Thursday, December 1, 2016

Taz: 1996 - 2016

Baby Taz

J and I first started living together in January of 1997. We had a two bedroom apartment that J had with a prior room mate, when the room mate decided to move back to where they had come from, taking her two cats with her. That was the first time J had ever lived with cats and she decided she really liked it. When her old room mate left, J brought home a cat that had been rescued from the street. She was a Russian Blue and gorgeous, but she never really settled into living happily with us. She took to carrying a stuffed animal around in her mouth, making mreow sounds. We misinterpreted that as a request for a small fluffy kitten.

Taz was a barn kitten from a mixed litter and J fell in love at first sight.

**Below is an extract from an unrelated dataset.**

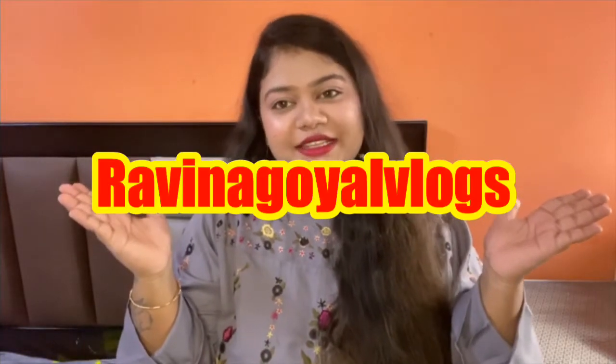Hey guys, welcome back to my channel Raveena Goel Vlogs. I hope you all are doing great. Today we are going to do a new product unboxing, so let's start.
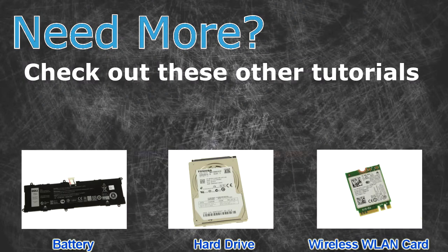Need more? Check out these other tutorials. For batteries, click here. For hard drives, click here. For wireless cards, click here.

He was eight weeks old, so born sometime in December of 1996. We paid our $25 dollars and brought him home with us. He walked into the house, hissed at Ash, raced into the bedroom and peed on my pillow. That was our introduction to Taz.

Ash was very unhappy and refused to bond with him at all. He took to trailing along after her and attacking her tail. She began to lose weight and make her displeasure known. We eventually rehomed her to a single cat house with a woman who doted on her, so they were both happy.

For Taz, we brought home Preacher, when Taz was about seven months old. Taz began to purr the moment he saw Preacher and the picture above is fifteen minutes after they first met. They were that close their entire lives. They were best buds right up until Preacher died. Taz, for his part, never really became house broke. He used the litter box intermittently at best. He really wanted to be an outdoor cat and I think if we had been out in the sticks he would  have been in and out of the house at will. Unfortunately, city living does not really make that a safe option.

My favorite memories:


The windows were tall enough I could stand on the windowsill, which was about a foot above the floor, and not touch the top of the window.
We lived in an apartment with very high windows. The screens for those windows were taller than I am. Taz would climb them. The screens would fall out of the window. Taz would hoverboard on the screen to the ground some thirty feet below. Then he would take off into the bushes surrounding our apartment complex. One day I heard the screen come out of the window and him fall. I raced in and looked out the now wide open window to see him standing on the screen below me. I shouted Taz! His ears went back and his tail went straight up and he bolted across the parking lot.

Taz up a tree, on leash

He loved to walk on leash. We had a harness for him and would take him to the neighborhood park where it was fairly quiet. He wasn't ever afraid of dogs and would arch and dance toward any that tried to bother him. He was a bruiser and never lost a fight. We would meander around the pond and he would chase bugs and leaves at the end of the leash.

He loved to camp. We took him with us to Vedauwoo for years. There was a sagebrush place where the sage filled up a patch of ground. As soon as the truck would stop moving he was out and into that sagebrush patch, where he would hunt butterflies and mice. Every once in a while, J or I would call for him and he would come trotting out to say hi, but then went right back in. He loved climbing the pine trees, although the first time it took him most of a day to figure out how to come back down. Once he did, that became a favorite pass time.

He loved J. She was his down to the bone. Even after he became frail, he would leave his warm hotel and curl up with her for hours on end. He was a bad boy in so many other ways - he never stopped peeing on all the things - but he loved her with everything he was.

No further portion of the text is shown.